- **Required work**
Once the pictures are set aside, transcribe each line of the data exactly.

- **Input records**
□ □ □ □ □

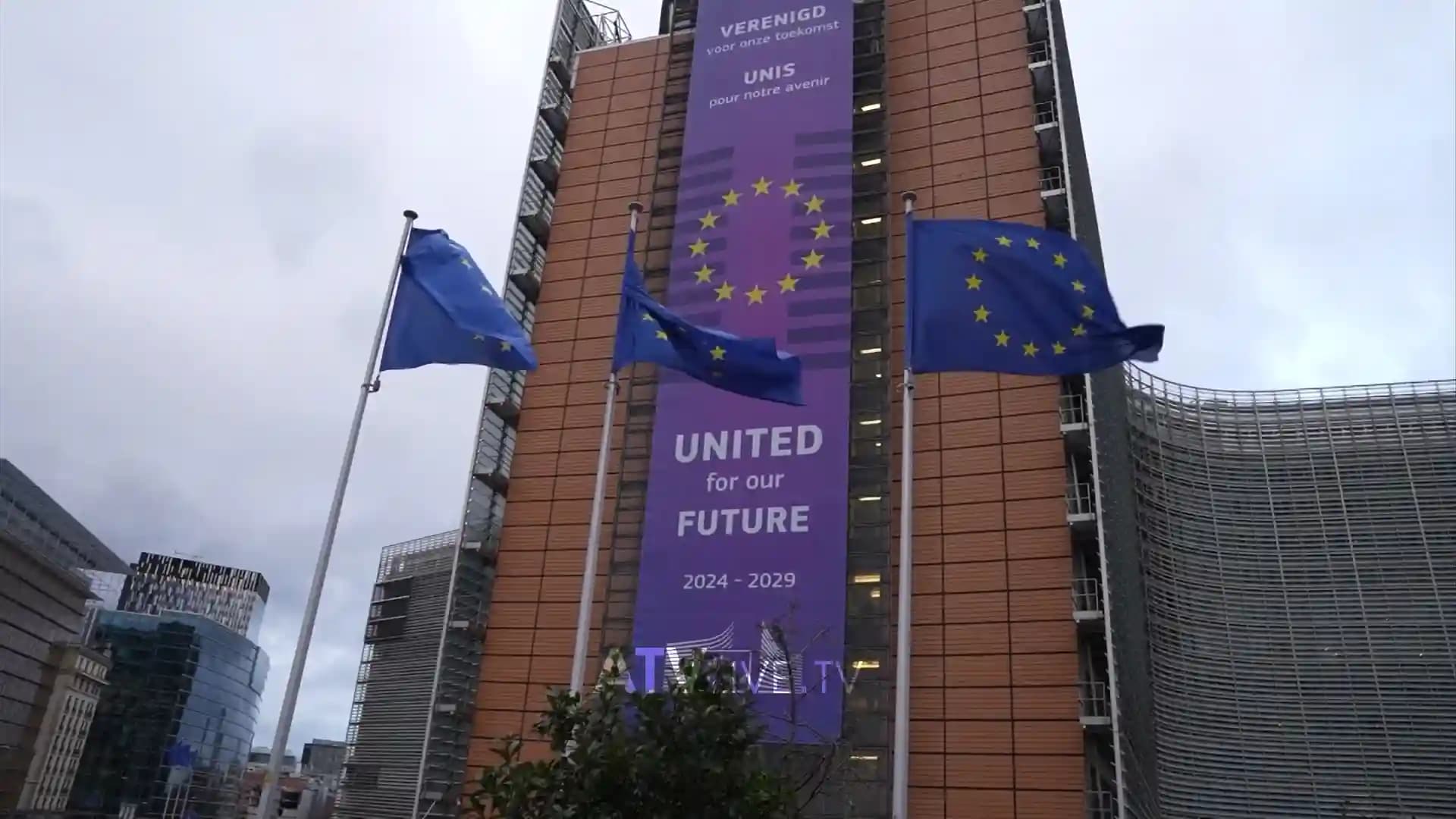 BE nuk sheh bazë ligjore për kthimin e “borxhit” 42 milionë euro ndaj Kosovës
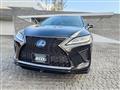 2021 Lexus RX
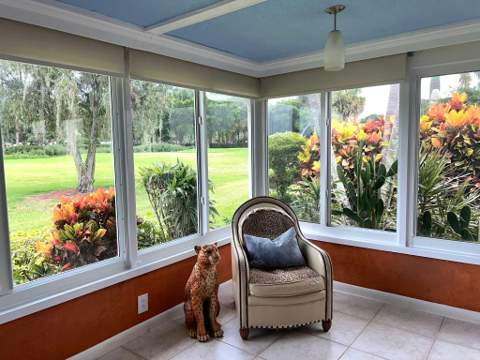 12244 Country Greens Boulevard, Boynton Beach FL - photo 6 of 10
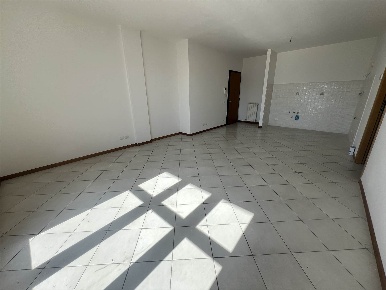 Foto Appartamento a Figline e Incisa Valdarno di 75 m² con 3 locali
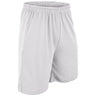 DRI-GEAR® All-Sport Practice Short - Adult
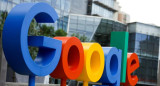 Google, foto Reuters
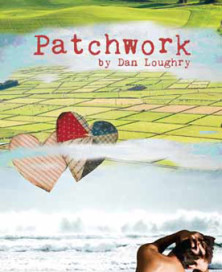 Patchwork by Dan Loughry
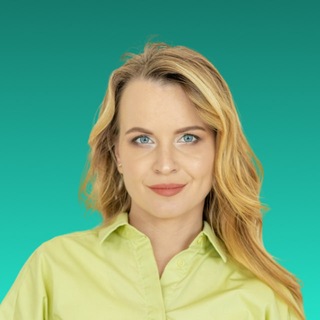 Богатые психологи🔥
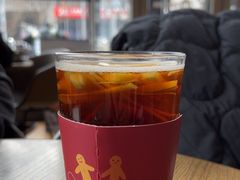 -Wagas沃歌斯(富力广场店)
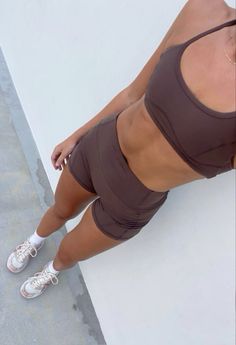 Fitness Inspiration Body, Healthy Girl, Gym Fit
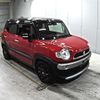 suzuki xbee 2018 -SUZUKI--XBEE MN71S-117357---SUZUKI--XBEE MN71S-117357- image 1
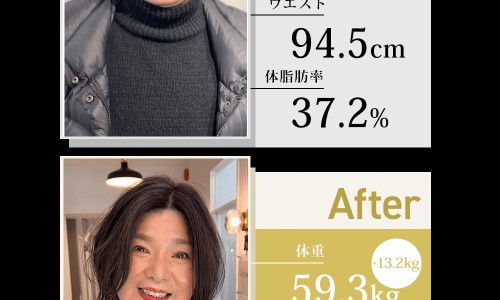 胯骨疼浑身疼怎么回事-身上跨疼是什么原因网- 跨部位疼痛怎么缓解知识,分享身体跨了啥意思是什么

□ □ □ □ □

- **Problem solution**
 BE nuk sheh bazë ligjore për kthimin e “borxhit” 42 milionë euro ndaj Kosovës
 2021 Lexus RX
 12244 Country Greens Boulevard, Boynton Beach FL - photo 6 of 10
 Foto Appartamento a Figline e Incisa Valdarno di 75 m² con 3 locali
 DRI-GEAR® All-Sport Practice Short - Adult
 Google, foto Reuters
 Patchwork by Dan Loughry
 Богатые психологи🔥
 -Wagas沃歌斯(富力广场店)
 Fitness Inspiration Body, Healthy Girl, Gym Fit
 suzuki xbee 2018 -SUZUKI--XBEE MN71S-117357---SUZUKI--XBEE MN71S-117357- image 1
 胯骨疼浑身疼怎么回事-身上跨疼是什么原因网- 跨部位疼痛怎么缓解知识,分享身体跨了啥意思是什么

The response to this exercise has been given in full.